Activity: From the first line to the last, return the data exactly, with no pictures.

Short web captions
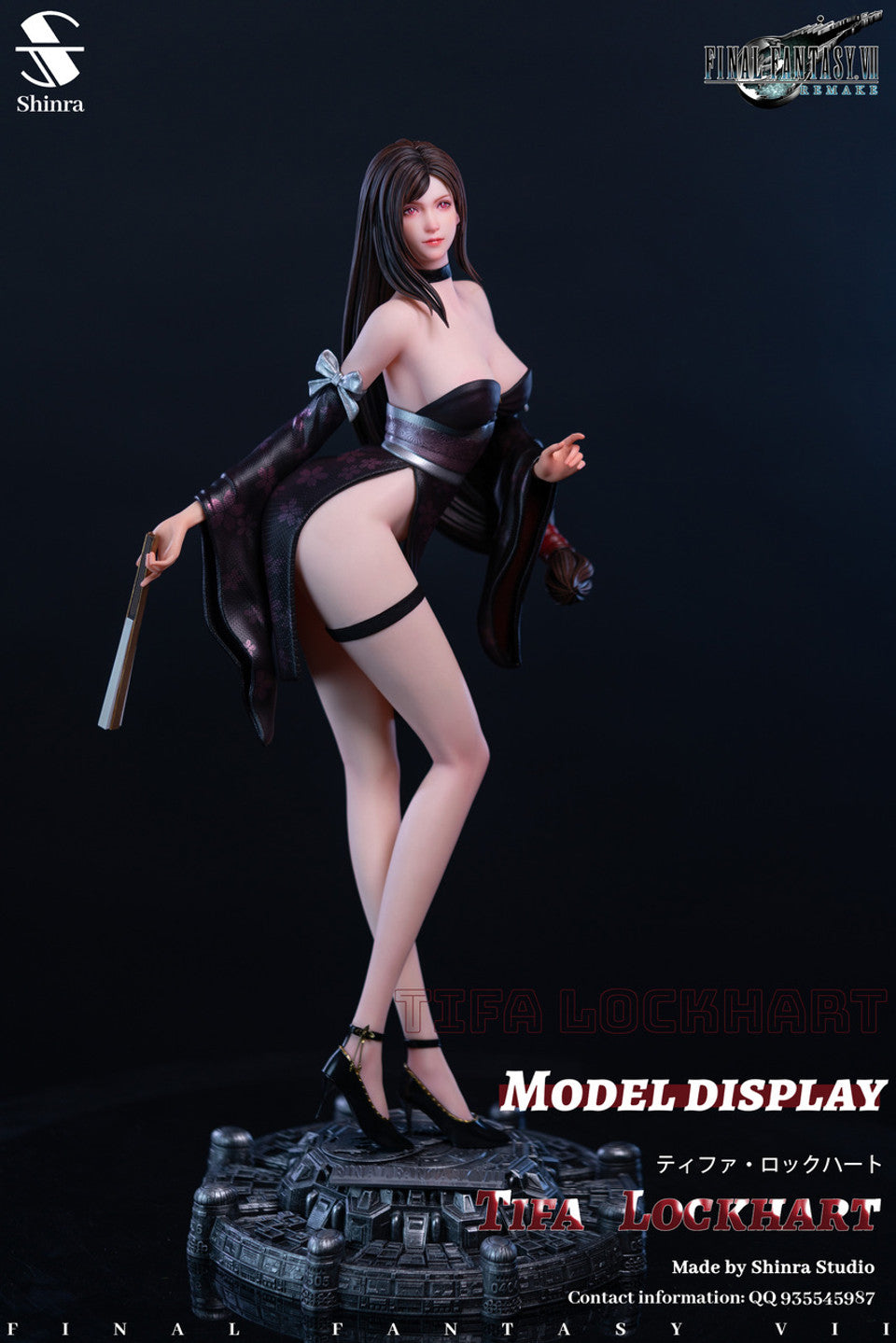 [Warehouse in Stock] Shinra Studio - Statue - Final Fantasy 7 - Tifa Lockhart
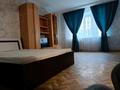 1-комнатная квартира, 44.2 м², 2/9 этаж, Мустафина 15 — рядом 7 поликлиника за 17 млн 〒 в Астане, Алматы р-н — фото 17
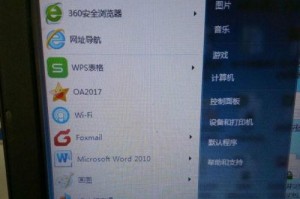 电脑怎么调自动关机,轻松实现定时关机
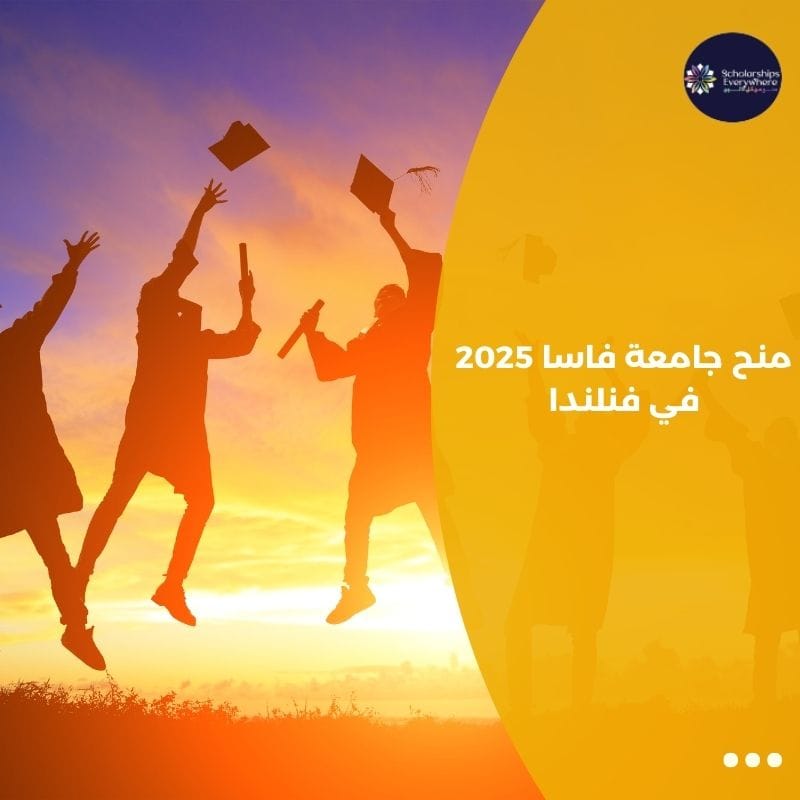 منح جامعة فاسا 2025 في فنلندا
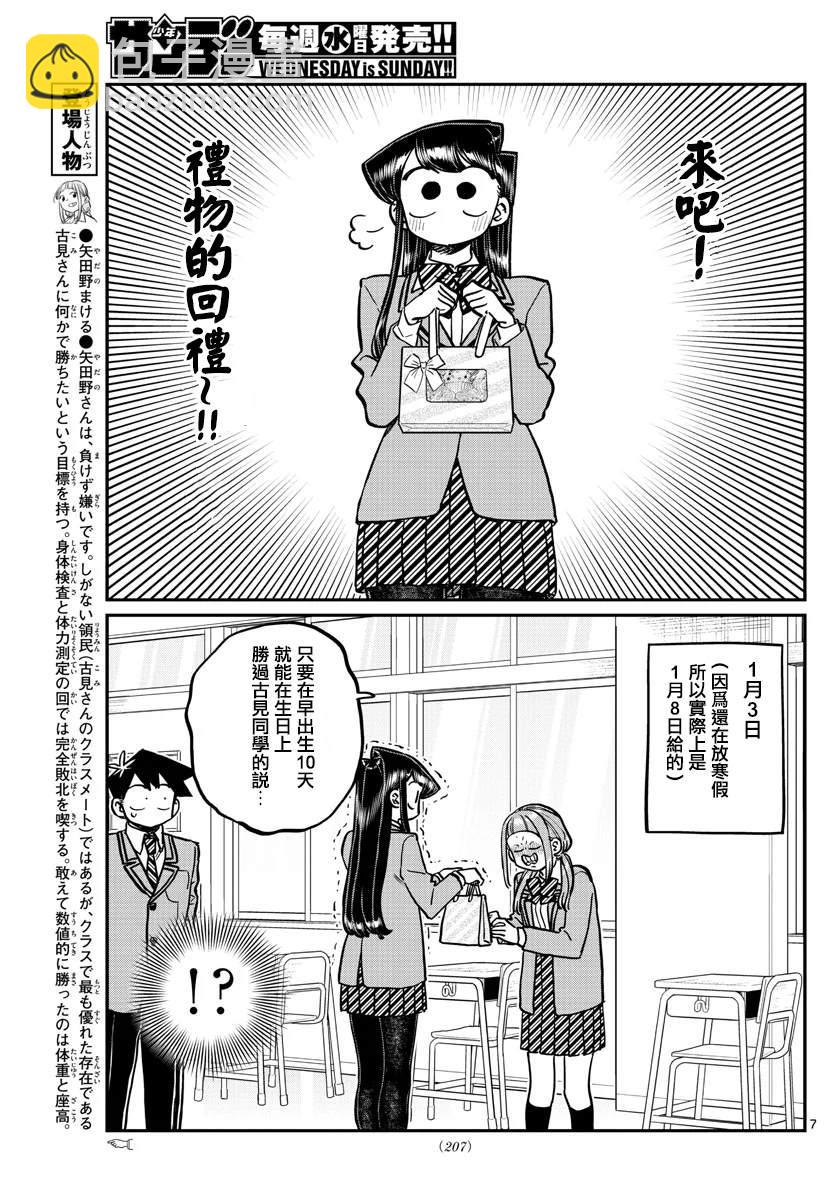🍸古见同学有交流障碍症 第259话 第7页
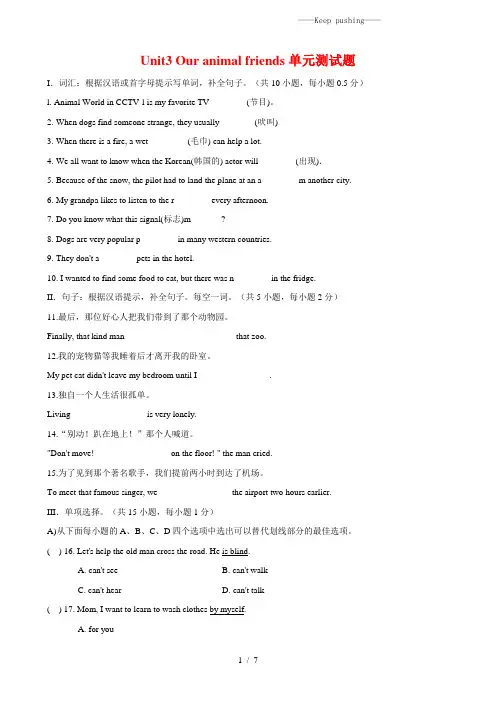 2023年牛津深圳版七年级英语下册Unit3 Our animal friends单元测试题(附答案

Solution below:
 [Warehouse in Stock] Shinra Studio - Statue - Final Fantasy 7 - Tifa Lockhart
 1-комнатная квартира, 44.2 м², 2/9 этаж, Мустафина 15 — рядом 7 поликлиника за 17 млн 〒 в Астане, Алматы р-н — фото 17
 电脑怎么调自动关机,轻松实现定时关机
 منح جامعة فاسا 2025 في فنلندا
🍸古见同学有交流障碍症 第259话 第7页
 2023年牛津深圳版七年级英语下册Unit3 Our animal friends单元测试题(附答案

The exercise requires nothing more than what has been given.